_EXERCISE OBJECTIVE_
Nothing in the data below may be left out; return all of it exactly.

_EXTRACTED ENTRIES_

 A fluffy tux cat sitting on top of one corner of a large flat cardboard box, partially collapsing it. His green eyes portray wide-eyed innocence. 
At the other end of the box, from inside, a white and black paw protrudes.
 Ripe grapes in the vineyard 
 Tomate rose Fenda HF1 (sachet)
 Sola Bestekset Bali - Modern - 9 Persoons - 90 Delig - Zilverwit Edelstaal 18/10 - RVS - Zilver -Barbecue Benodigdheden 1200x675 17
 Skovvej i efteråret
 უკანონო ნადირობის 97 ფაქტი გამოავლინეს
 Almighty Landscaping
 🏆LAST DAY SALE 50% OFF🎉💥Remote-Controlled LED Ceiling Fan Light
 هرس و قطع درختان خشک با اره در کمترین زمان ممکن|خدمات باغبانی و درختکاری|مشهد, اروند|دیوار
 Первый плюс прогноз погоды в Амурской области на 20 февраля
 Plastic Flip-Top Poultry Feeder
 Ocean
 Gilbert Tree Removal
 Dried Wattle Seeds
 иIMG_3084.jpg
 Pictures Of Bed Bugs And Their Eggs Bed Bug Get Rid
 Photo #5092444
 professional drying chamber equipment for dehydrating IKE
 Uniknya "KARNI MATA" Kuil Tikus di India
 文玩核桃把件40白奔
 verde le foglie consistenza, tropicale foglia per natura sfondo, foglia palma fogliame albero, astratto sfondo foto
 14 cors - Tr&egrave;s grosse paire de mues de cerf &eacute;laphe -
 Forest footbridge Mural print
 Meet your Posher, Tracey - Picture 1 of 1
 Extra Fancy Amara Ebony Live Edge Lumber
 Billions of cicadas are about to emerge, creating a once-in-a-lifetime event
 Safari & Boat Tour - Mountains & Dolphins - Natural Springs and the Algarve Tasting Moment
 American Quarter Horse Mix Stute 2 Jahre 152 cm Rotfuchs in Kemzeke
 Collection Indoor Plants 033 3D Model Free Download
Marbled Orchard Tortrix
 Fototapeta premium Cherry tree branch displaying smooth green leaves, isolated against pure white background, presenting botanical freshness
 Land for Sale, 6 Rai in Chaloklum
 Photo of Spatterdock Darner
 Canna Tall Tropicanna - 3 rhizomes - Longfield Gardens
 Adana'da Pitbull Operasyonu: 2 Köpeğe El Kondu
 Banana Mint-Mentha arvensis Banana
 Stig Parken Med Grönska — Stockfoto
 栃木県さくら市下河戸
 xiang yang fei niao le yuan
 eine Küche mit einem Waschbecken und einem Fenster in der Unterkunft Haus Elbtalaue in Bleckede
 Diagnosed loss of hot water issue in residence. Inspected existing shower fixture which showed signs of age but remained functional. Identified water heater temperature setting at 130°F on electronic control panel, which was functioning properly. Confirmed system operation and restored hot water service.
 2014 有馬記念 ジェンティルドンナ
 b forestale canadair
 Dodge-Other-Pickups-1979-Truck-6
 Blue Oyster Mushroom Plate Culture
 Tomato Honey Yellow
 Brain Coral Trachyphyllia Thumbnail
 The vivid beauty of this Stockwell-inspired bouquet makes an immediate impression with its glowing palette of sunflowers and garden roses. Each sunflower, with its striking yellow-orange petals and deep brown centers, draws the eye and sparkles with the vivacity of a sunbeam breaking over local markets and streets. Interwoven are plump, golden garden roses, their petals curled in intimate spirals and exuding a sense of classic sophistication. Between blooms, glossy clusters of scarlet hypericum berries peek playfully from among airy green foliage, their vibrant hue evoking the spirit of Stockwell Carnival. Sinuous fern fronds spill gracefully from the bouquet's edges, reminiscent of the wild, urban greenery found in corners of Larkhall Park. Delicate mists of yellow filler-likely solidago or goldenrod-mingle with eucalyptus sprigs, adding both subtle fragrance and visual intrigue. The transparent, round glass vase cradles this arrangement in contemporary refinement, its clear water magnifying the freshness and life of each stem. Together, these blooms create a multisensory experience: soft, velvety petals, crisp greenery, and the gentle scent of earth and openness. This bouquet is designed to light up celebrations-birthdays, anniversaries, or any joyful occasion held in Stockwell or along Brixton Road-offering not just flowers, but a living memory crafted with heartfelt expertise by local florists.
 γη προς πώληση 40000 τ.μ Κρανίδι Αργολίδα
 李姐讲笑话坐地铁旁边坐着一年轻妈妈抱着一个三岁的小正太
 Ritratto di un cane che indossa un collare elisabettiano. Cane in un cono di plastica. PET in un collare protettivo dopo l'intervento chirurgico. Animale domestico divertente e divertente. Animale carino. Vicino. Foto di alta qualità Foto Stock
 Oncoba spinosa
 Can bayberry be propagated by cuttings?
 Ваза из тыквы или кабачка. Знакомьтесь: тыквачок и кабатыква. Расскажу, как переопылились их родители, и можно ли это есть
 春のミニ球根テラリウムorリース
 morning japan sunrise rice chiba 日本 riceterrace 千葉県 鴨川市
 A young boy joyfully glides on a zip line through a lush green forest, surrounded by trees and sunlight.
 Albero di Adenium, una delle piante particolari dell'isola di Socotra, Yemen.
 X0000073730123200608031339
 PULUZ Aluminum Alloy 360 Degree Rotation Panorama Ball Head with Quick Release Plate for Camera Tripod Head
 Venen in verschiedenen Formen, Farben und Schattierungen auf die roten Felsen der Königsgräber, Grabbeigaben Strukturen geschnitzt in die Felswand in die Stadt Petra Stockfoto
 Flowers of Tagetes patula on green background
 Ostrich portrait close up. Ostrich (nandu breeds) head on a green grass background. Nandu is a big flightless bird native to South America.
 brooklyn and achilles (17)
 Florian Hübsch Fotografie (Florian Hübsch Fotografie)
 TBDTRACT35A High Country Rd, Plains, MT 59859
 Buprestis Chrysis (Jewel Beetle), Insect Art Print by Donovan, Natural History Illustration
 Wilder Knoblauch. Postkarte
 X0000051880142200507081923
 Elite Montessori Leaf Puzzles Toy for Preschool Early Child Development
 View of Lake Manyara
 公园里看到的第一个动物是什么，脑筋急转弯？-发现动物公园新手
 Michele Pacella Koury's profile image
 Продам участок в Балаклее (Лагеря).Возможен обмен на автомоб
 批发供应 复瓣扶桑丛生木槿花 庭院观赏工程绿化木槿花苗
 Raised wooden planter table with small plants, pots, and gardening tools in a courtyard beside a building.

_RESULT OF THIS EXERCISE_
 A fluffy tux cat sitting on top of one corner of a large flat cardboard box, partially collapsing it. His green eyes portray wide-eyed innocence. 
At the other end of the box, from inside, a white and black paw protrudes.
 Ripe grapes in the vineyard 
 Tomate rose Fenda HF1 (sachet)
 Sola Bestekset Bali - Modern - 9 Persoons - 90 Delig - Zilverwit Edelstaal 18/10 - RVS - Zilver -Barbecue Benodigdheden 1200x675 17
 Skovvej i efteråret
 უკანონო ნადირობის 97 ფაქტი გამოავლინეს
 Almighty Landscaping
 🏆LAST DAY SALE 50% OFF🎉💥Remote-Controlled LED Ceiling Fan Light
 هرس و قطع درختان خشک با اره در کمترین زمان ممکن|خدمات باغبانی و درختکاری|مشهد, اروند|دیوار
 Первый плюс прогноз погоды в Амурской области на 20 февраля
 Plastic Flip-Top Poultry Feeder
 Ocean
 Gilbert Tree Removal
 Dried Wattle Seeds
 иIMG_3084.jpg
 Pictures Of Bed Bugs And Their Eggs Bed Bug Get Rid
 Photo #5092444
 professional drying chamber equipment for dehydrating IKE
 Uniknya "KARNI MATA" Kuil Tikus di India
 文玩核桃把件40白奔
 verde le foglie consistenza, tropicale foglia per natura sfondo, foglia palma fogliame albero, astratto sfondo foto
 14 cors - Tr&egrave;s grosse paire de mues de cerf &eacute;laphe -
 Forest footbridge Mural print
 Meet your Posher, Tracey - Picture 1 of 1
 Extra Fancy Amara Ebony Live Edge Lumber
 Billions of cicadas are about to emerge, creating a once-in-a-lifetime event
 Safari & Boat Tour - Mountains & Dolphins - Natural Springs and the Algarve Tasting Moment
 American Quarter Horse Mix Stute 2 Jahre 152 cm Rotfuchs in Kemzeke
 Collection Indoor Plants 033 3D Model Free Download
Marbled Orchard Tortrix
 Fototapeta premium Cherry tree branch displaying smooth green leaves, isolated against pure white background, presenting botanical freshness
 Land for Sale, 6 Rai in Chaloklum
 Photo of Spatterdock Darner
 Canna Tall Tropicanna - 3 rhizomes - Longfield Gardens
 Adana'da Pitbull Operasyonu: 2 Köpeğe El Kondu
 Banana Mint-Mentha arvensis Banana
 Stig Parken Med Grönska — Stockfoto
 栃木県さくら市下河戸
 xiang yang fei niao le yuan
 eine Küche mit einem Waschbecken und einem Fenster in der Unterkunft Haus Elbtalaue in Bleckede
 Diagnosed loss of hot water issue in residence. Inspected existing shower fixture which showed signs of age but remained functional. Identified water heater temperature setting at 130°F on electronic control panel, which was functioning properly. Confirmed system operation and restored hot water service.
 2014 有馬記念 ジェンティルドンナ
 b forestale canadair
 Dodge-Other-Pickups-1979-Truck-6
 Blue Oyster Mushroom Plate Culture
 Tomato Honey Yellow
 Brain Coral Trachyphyllia Thumbnail
 The vivid beauty of this Stockwell-inspired bouquet makes an immediate impression with its glowing palette of sunflowers and garden roses. Each sunflower, with its striking yellow-orange petals and deep brown centers, draws the eye and sparkles with the vivacity of a sunbeam breaking over local markets and streets. Interwoven are plump, golden garden roses, their petals curled in intimate spirals and exuding a sense of classic sophistication. Between blooms, glossy clusters of scarlet hypericum berries peek playfully from among airy green foliage, their vibrant hue evoking the spirit of Stockwell Carnival. Sinuous fern fronds spill gracefully from the bouquet's edges, reminiscent of the wild, urban greenery found in corners of Larkhall Park. Delicate mists of yellow filler-likely solidago or goldenrod-mingle with eucalyptus sprigs, adding both subtle fragrance and visual intrigue. The transparent, round glass vase cradles this arrangement in contemporary refinement, its clear water magnifying the freshness and life of each stem. Together, these blooms create a multisensory experience: soft, velvety petals, crisp greenery, and the gentle scent of earth and openness. This bouquet is designed to light up celebrations-birthdays, anniversaries, or any joyful occasion held in Stockwell or along Brixton Road-offering not just flowers, but a living memory crafted with heartfelt expertise by local florists.
 γη προς πώληση 40000 τ.μ Κρανίδι Αργολίδα
 李姐讲笑话坐地铁旁边坐着一年轻妈妈抱着一个三岁的小正太
 Ritratto di un cane che indossa un collare elisabettiano. Cane in un cono di plastica. PET in un collare protettivo dopo l'intervento chirurgico. Animale domestico divertente e divertente. Animale carino. Vicino. Foto di alta qualità Foto Stock
 Oncoba spinosa
 Can bayberry be propagated by cuttings?
 Ваза из тыквы или кабачка. Знакомьтесь: тыквачок и кабатыква. Расскажу, как переопылились их родители, и можно ли это есть
 春のミニ球根テラリウムorリース
 morning japan sunrise rice chiba 日本 riceterrace 千葉県 鴨川市
 A young boy joyfully glides on a zip line through a lush green forest, surrounded by trees and sunlight.
 Albero di Adenium, una delle piante particolari dell'isola di Socotra, Yemen.
 X0000073730123200608031339
 PULUZ Aluminum Alloy 360 Degree Rotation Panorama Ball Head with Quick Release Plate for Camera Tripod Head
 Venen in verschiedenen Formen, Farben und Schattierungen auf die roten Felsen der Königsgräber, Grabbeigaben Strukturen geschnitzt in die Felswand in die Stadt Petra Stockfoto
 Flowers of Tagetes patula on green background
 Ostrich portrait close up. Ostrich (nandu breeds) head on a green grass background. Nandu is a big flightless bird native to South America.
 brooklyn and achilles (17)
 Florian Hübsch Fotografie (Florian Hübsch Fotografie)
 TBDTRACT35A High Country Rd, Plains, MT 59859
 Buprestis Chrysis (Jewel Beetle), Insect Art Print by Donovan, Natural History Illustration
 Wilder Knoblauch. Postkarte
 X0000051880142200507081923
 Elite Montessori Leaf Puzzles Toy for Preschool Early Child Development
 View of Lake Manyara
 公园里看到的第一个动物是什么，脑筋急转弯？-发现动物公园新手
 Michele Pacella Koury's profile image
 Продам участок в Балаклее (Лагеря).Возможен обмен на автомоб
 批发供应 复瓣扶桑丛生木槿花 庭院观赏工程绿化木槿花苗
 Raised wooden planter table with small plants, pots, and gardening tools in a courtyard beside a building.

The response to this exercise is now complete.